(Records contained in a dataset)
....................
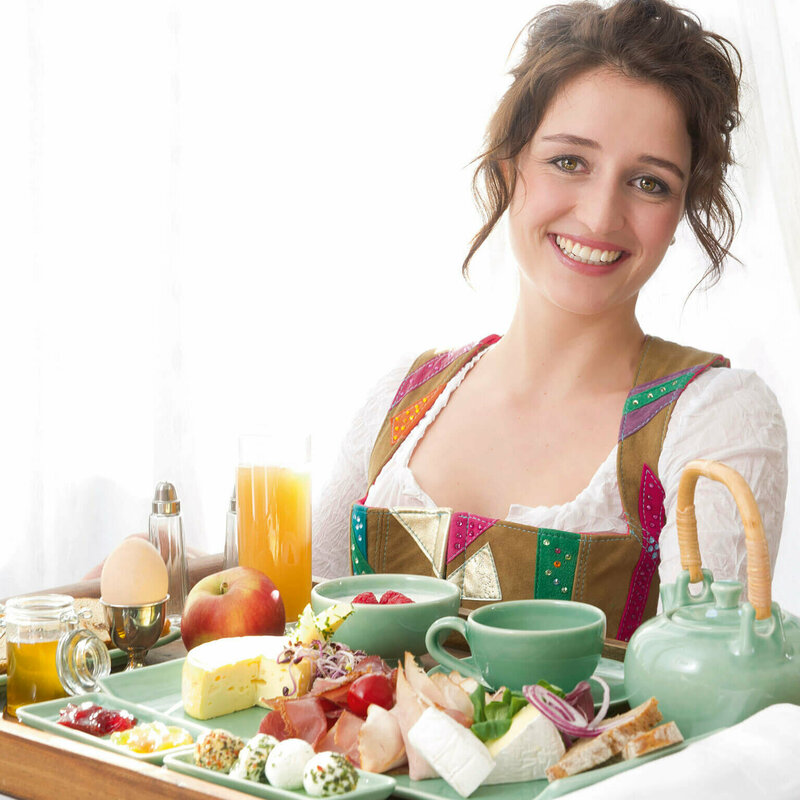 Frühstück Gutschein Dame in Dirndl serviert auf einem großen Tableau ein reichhaltiges Osttirol Frühstück mit Speck, Schinken, Käse, Ei, verschiedene Marmeladen und Honig und noch vieles Regionales mehr.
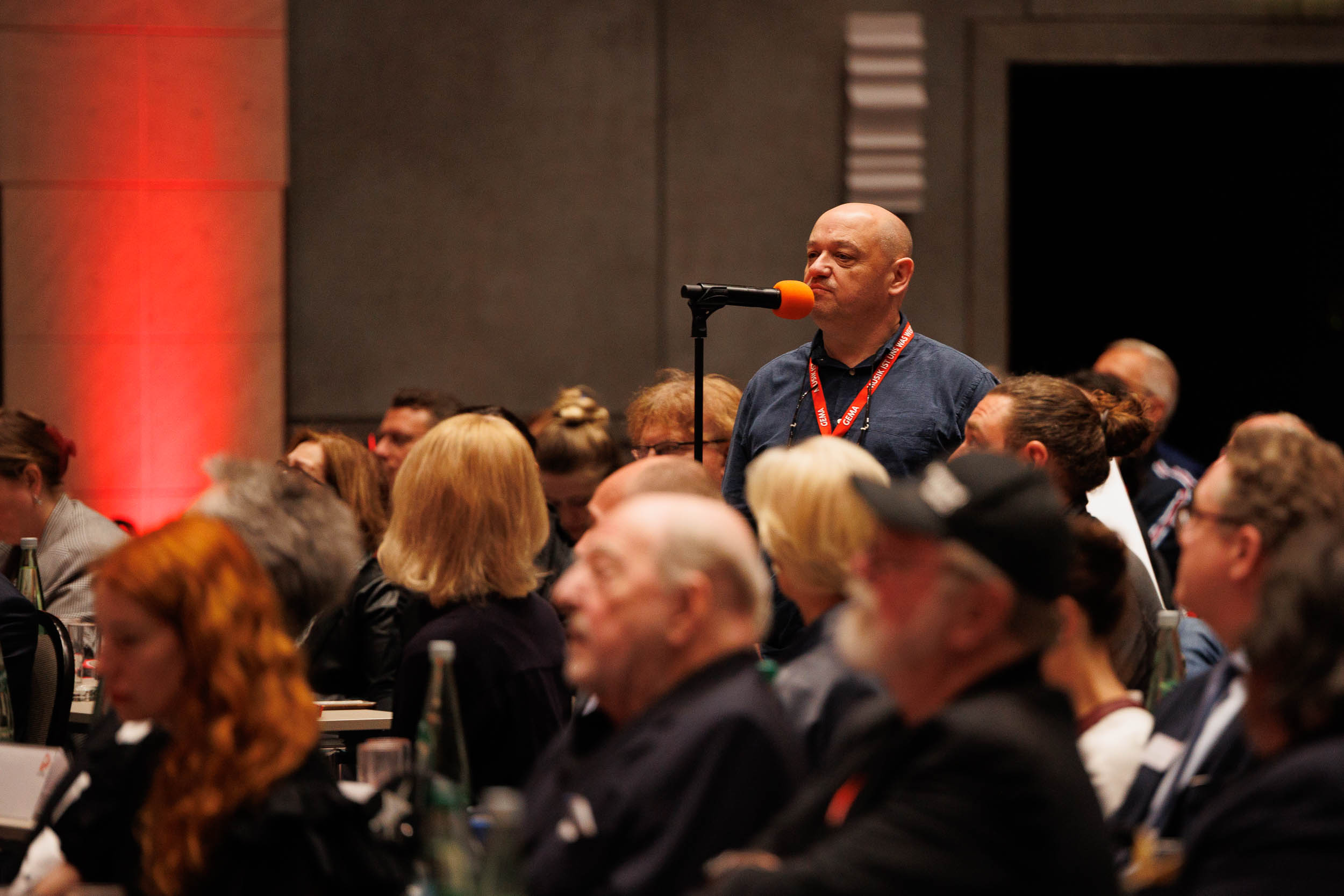 Ein Mann spricht in ein Mikrofon vor einem Publikum in einem Konferenzraum mit roter Beleuchtung.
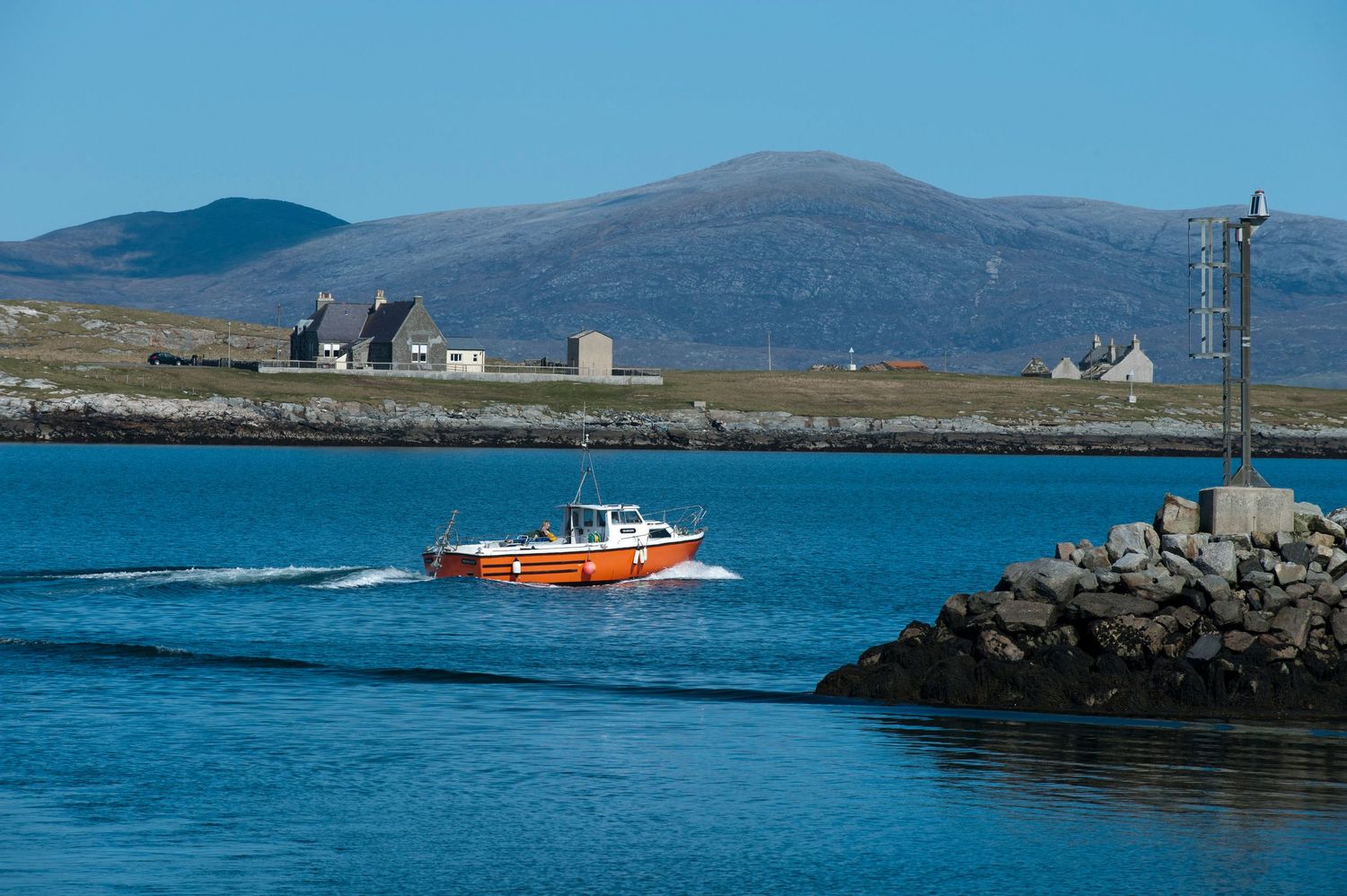 Orange boat speeding through calm blue waters near a rocky harbor with Scottish highland village and mountains in background.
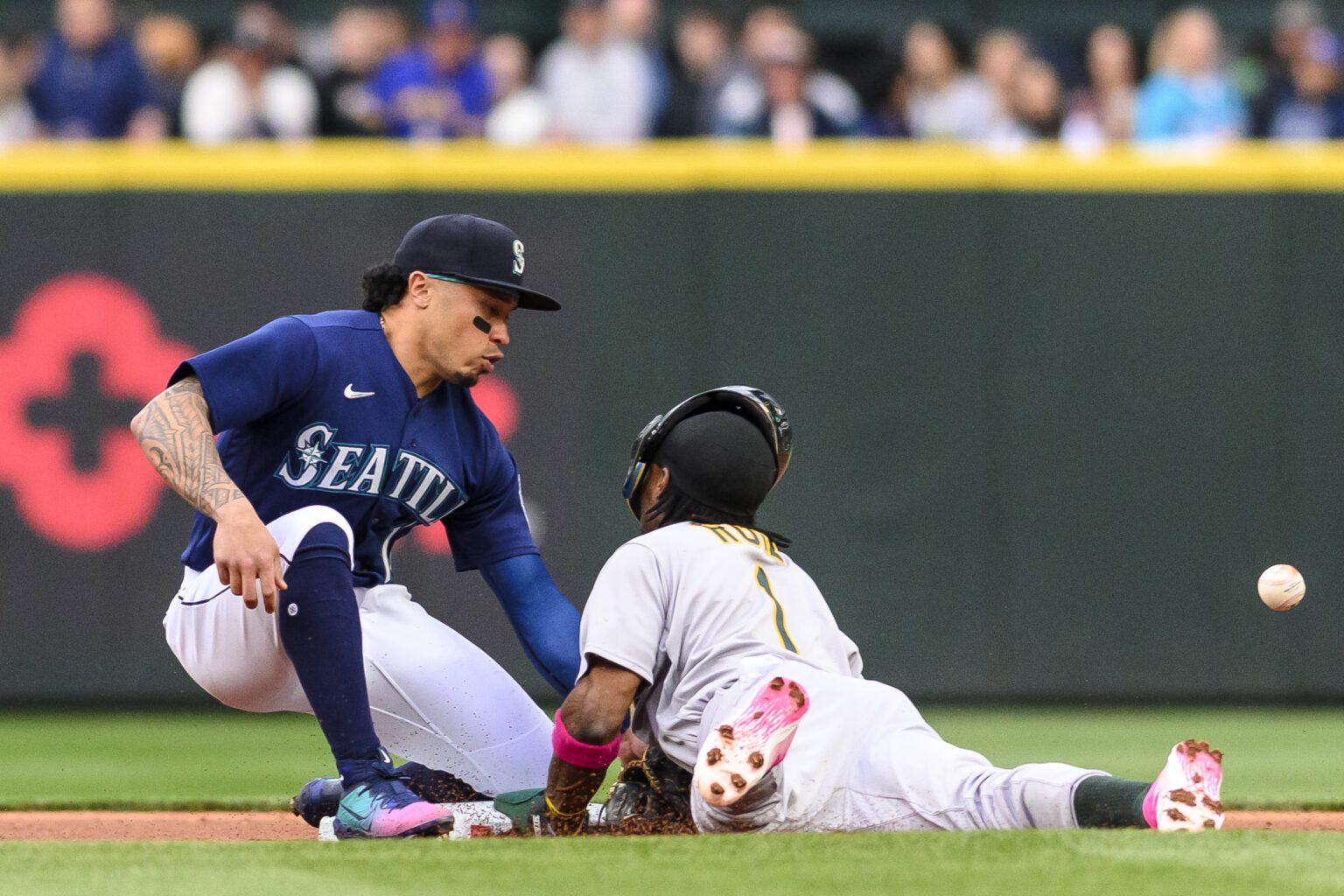Oakland Athletics' Esteury Ruiz (1) collides into Seattle Mariners second baseman Kolten Wong during the first inning of a baseball game
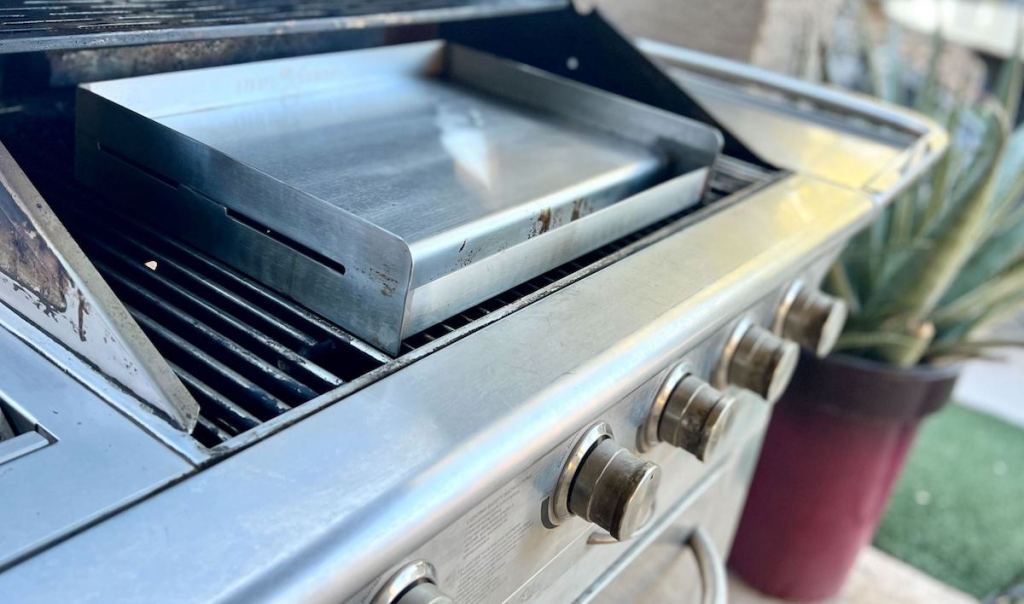 stainless steel griddle on top of grill outside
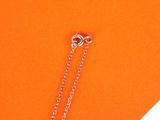 a close up of a necklace on an orange piece of paper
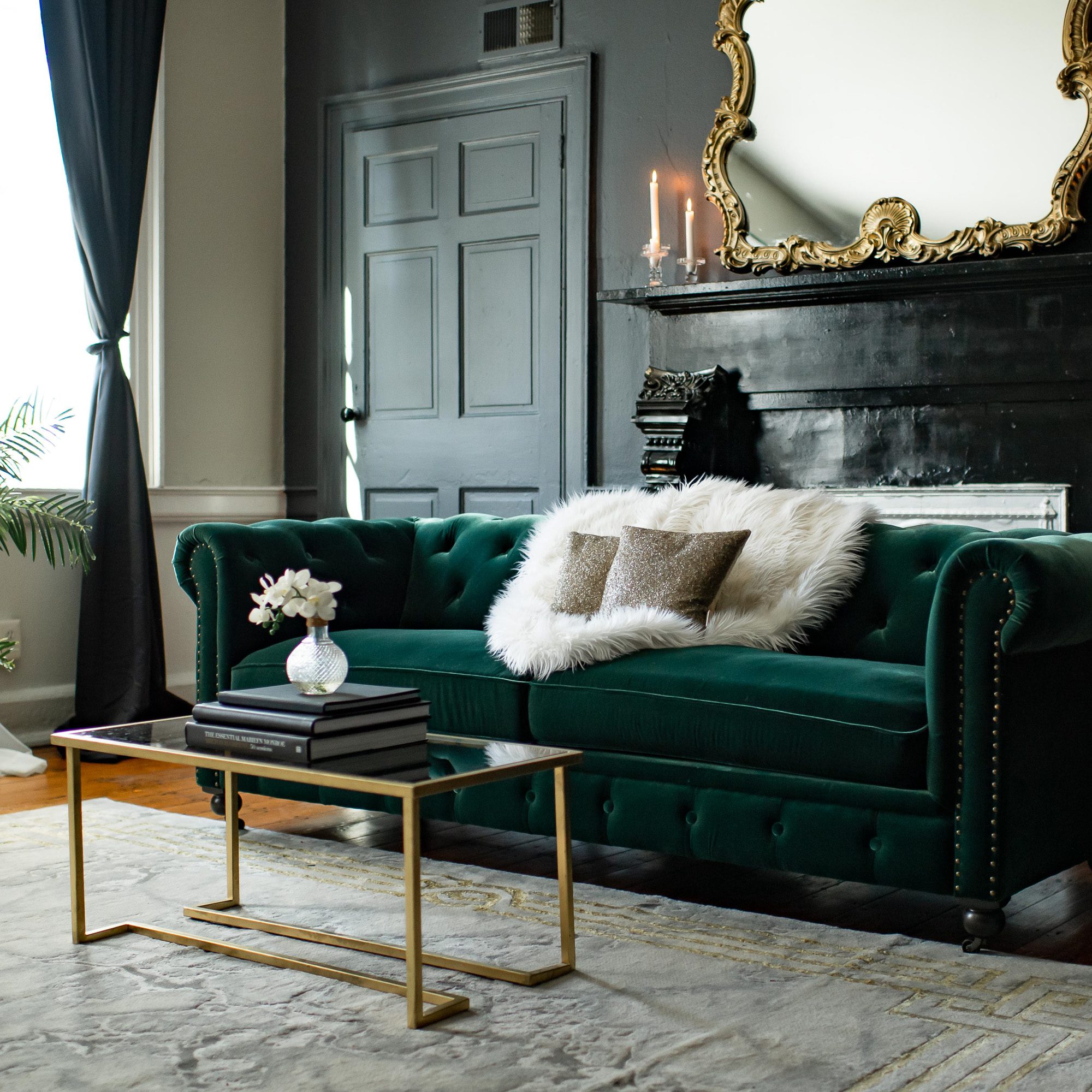 a luxury boudoir studio with a beautiful green couch, gold accents and moody lighting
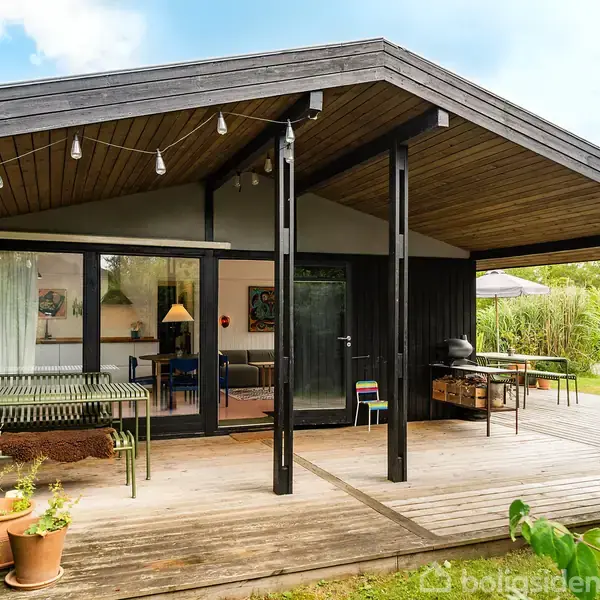 Sort træhus med overdækket terrasse, hvor et bord og stole står. Omgivet af grøn have med potteplanter. Loftet på terrassen er dekoreret med lyskæder. Ingen tekst i billedet.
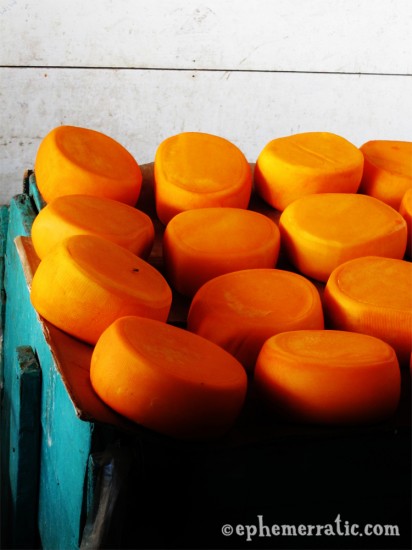 Orange wheels of cheese in Cusco's Central Market, Peru photo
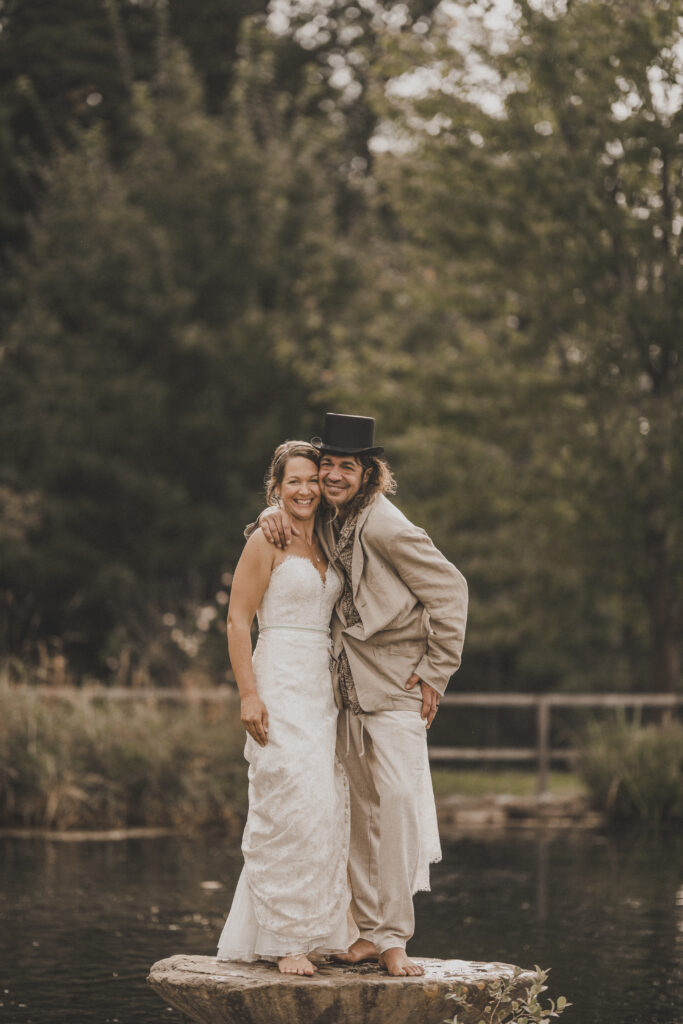 Hochzeitsfotografie- Brautpaar steht auf einem Stein in einem See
....................
• **Assignment**
Could you output every entry exactly as written, skipping the pictures?

• **Solution**
 Frühstück Gutschein Dame in Dirndl serviert auf einem großen Tableau ein reichhaltiges Osttirol Frühstück mit Speck, Schinken, Käse, Ei, verschiedene Marmeladen und Honig und noch vieles Regionales mehr.
 Ein Mann spricht in ein Mikrofon vor einem Publikum in einem Konferenzraum mit roter Beleuchtung.
 Orange boat speeding through calm blue waters near a rocky harbor with Scottish highland village and mountains in background.
Oakland Athletics' Esteury Ruiz (1) collides into Seattle Mariners second baseman Kolten Wong during the first inning of a baseball game
 stainless steel griddle on top of grill outside
 a close up of a necklace on an orange piece of paper
 a luxury boudoir studio with a beautiful green couch, gold accents and moody lighting
 Sort træhus med overdækket terrasse, hvor et bord og stole står. Omgivet af grøn have med potteplanter. Loftet på terrassen er dekoreret med lyskæder. Ingen tekst i billedet.
 Orange wheels of cheese in Cusco's Central Market, Peru photo
 Hochzeitsfotografie- Brautpaar steht auf einem Stein in einem See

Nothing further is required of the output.